> **Task description**
Please give back only the lines below from the one containing "Black Solid Color" to the one containing "Elizabeth Banks als", each repeated word for word, both ends included.
========================
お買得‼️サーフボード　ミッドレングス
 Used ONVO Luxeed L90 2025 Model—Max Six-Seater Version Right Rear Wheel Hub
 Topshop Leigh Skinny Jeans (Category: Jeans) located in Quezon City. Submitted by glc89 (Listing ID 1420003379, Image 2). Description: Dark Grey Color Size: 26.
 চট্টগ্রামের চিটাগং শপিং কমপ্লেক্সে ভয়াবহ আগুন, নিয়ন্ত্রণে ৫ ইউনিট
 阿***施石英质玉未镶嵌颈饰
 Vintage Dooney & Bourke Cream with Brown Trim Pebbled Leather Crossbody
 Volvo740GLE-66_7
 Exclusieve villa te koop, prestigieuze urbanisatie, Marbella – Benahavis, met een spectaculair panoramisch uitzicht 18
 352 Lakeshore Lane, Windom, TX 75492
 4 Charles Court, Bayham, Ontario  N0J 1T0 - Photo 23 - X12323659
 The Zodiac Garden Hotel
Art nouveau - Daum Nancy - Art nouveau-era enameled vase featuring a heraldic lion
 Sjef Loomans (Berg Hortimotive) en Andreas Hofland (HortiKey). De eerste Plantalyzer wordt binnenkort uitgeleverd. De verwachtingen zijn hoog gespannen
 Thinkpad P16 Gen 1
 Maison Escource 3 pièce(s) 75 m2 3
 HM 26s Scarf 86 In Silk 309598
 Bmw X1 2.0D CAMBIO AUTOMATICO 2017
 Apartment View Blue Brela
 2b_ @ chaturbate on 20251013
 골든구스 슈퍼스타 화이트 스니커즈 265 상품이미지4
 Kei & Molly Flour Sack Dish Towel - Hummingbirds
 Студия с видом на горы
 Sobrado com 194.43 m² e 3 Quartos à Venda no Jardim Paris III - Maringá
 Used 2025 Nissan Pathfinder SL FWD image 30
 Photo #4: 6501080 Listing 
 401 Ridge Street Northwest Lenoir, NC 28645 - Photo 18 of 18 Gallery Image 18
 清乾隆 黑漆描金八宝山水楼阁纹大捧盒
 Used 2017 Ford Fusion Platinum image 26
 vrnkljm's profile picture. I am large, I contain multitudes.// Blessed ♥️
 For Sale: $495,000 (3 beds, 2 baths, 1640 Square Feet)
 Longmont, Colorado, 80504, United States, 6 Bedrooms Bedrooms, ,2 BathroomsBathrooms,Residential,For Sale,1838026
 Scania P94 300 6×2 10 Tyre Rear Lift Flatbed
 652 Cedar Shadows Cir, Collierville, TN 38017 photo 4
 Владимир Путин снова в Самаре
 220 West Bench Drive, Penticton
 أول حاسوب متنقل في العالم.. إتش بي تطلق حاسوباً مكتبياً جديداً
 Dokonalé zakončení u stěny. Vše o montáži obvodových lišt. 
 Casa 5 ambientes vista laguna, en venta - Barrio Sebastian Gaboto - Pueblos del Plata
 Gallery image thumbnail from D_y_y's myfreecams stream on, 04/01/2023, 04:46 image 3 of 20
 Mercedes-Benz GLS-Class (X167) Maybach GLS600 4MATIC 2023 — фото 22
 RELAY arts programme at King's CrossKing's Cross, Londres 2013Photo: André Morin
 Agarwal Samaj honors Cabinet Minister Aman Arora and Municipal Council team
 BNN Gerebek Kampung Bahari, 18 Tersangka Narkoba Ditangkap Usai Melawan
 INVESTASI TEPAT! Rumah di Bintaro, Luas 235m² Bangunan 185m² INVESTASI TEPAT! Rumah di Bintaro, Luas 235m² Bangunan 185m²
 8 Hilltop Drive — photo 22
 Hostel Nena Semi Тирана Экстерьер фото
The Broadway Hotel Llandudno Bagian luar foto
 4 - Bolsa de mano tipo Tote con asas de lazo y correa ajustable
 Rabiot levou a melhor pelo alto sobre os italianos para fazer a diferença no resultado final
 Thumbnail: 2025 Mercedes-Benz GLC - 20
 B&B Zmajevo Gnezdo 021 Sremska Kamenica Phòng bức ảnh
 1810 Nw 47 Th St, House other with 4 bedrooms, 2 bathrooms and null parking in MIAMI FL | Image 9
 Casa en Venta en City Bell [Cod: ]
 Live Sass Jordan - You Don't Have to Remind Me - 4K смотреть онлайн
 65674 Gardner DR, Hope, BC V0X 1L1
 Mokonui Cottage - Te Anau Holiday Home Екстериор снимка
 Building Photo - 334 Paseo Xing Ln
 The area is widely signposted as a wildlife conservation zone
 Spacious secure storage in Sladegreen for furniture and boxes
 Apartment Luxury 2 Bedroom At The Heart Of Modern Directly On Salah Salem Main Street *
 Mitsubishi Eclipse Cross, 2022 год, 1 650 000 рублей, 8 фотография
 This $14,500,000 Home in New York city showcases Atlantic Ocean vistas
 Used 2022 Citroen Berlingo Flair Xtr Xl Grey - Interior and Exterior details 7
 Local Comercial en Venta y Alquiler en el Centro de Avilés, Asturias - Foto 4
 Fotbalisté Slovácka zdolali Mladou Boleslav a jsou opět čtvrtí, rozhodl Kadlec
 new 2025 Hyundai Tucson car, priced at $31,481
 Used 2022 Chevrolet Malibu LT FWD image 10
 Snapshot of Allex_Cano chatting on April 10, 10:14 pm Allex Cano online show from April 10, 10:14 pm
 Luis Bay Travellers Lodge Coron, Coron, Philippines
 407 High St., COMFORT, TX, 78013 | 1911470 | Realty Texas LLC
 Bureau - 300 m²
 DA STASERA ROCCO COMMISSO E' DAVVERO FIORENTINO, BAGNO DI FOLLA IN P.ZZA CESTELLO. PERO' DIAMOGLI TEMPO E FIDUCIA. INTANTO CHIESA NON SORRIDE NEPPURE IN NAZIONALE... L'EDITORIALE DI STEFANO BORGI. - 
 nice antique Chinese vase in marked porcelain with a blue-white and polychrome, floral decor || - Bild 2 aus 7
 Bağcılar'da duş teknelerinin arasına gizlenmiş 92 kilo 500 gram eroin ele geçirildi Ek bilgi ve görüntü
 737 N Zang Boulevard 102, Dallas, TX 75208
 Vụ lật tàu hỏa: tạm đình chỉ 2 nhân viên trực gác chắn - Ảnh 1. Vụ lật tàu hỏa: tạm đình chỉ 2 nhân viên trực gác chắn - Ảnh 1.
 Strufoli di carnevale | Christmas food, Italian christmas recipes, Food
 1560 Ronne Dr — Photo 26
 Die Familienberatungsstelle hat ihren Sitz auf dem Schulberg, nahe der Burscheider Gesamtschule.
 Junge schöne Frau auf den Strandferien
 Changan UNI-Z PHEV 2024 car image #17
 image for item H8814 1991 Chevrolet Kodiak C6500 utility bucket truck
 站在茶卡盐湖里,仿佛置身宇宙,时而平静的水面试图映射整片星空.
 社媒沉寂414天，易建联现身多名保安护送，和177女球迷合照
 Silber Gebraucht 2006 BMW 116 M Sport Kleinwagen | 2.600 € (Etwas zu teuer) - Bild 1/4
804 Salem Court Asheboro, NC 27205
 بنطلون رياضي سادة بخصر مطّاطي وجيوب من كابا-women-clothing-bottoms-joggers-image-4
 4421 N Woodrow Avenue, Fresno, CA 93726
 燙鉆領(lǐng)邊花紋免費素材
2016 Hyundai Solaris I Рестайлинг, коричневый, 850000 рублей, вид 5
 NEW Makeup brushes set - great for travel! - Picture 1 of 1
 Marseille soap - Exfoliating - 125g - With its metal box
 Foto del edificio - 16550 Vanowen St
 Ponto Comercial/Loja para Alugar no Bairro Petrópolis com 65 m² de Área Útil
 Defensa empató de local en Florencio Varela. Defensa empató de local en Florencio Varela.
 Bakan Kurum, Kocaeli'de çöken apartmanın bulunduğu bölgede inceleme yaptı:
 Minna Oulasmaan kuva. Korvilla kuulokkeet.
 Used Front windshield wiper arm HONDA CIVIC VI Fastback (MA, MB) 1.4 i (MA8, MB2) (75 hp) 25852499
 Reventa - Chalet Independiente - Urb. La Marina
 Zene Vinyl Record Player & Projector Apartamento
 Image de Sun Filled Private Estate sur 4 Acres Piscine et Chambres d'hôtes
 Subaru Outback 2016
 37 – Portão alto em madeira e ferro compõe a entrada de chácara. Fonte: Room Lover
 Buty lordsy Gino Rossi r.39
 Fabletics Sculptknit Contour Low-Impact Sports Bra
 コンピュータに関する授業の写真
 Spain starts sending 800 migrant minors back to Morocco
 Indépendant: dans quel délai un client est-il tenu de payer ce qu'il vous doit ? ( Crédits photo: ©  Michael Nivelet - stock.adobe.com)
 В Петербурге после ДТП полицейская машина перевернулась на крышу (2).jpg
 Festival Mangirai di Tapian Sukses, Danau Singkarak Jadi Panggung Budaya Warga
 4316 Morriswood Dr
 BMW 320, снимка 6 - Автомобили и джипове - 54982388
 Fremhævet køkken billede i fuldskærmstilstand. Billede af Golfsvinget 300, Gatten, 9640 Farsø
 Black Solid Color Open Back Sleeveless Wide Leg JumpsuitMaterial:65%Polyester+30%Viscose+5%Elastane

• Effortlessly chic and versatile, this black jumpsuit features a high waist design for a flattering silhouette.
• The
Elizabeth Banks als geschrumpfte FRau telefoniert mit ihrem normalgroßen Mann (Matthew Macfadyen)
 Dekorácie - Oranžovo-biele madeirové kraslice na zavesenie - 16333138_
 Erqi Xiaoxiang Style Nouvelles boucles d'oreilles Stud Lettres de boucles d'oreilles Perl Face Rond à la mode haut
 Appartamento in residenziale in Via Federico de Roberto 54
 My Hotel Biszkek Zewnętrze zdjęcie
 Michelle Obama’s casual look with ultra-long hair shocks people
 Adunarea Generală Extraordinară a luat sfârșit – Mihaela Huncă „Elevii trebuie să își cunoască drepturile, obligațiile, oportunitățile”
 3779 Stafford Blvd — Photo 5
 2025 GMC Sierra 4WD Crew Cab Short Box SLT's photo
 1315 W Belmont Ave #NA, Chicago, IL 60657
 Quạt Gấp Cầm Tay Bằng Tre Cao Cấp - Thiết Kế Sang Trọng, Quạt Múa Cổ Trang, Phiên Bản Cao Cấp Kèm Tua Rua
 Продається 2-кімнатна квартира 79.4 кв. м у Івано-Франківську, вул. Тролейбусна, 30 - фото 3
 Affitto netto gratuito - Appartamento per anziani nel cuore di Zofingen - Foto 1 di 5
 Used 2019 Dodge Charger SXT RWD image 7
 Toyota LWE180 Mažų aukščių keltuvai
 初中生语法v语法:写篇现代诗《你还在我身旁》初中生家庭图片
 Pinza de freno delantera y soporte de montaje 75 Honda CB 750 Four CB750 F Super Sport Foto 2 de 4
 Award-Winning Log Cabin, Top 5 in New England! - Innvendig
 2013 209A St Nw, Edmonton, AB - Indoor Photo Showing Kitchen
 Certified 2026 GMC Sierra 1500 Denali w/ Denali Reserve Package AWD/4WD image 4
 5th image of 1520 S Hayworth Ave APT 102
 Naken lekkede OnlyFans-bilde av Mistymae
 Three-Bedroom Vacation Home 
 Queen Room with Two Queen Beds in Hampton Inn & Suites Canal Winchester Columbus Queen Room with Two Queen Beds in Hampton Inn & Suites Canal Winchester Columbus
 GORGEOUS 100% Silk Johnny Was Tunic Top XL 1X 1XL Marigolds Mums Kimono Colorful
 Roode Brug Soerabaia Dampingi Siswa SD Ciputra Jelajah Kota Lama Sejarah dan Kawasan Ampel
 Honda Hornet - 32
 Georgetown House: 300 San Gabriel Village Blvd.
========================
> **Exercise result**
 Black Solid Color Open Back Sleeveless Wide Leg JumpsuitMaterial:65%Polyester+30%Viscose+5%Elastane

• Effortlessly chic and versatile, this black jumpsuit features a high waist design for a flattering silhouette.
• The
Elizabeth Banks als geschrumpfte FRau telefoniert mit ihrem normalgroßen Mann (Matthew Macfadyen)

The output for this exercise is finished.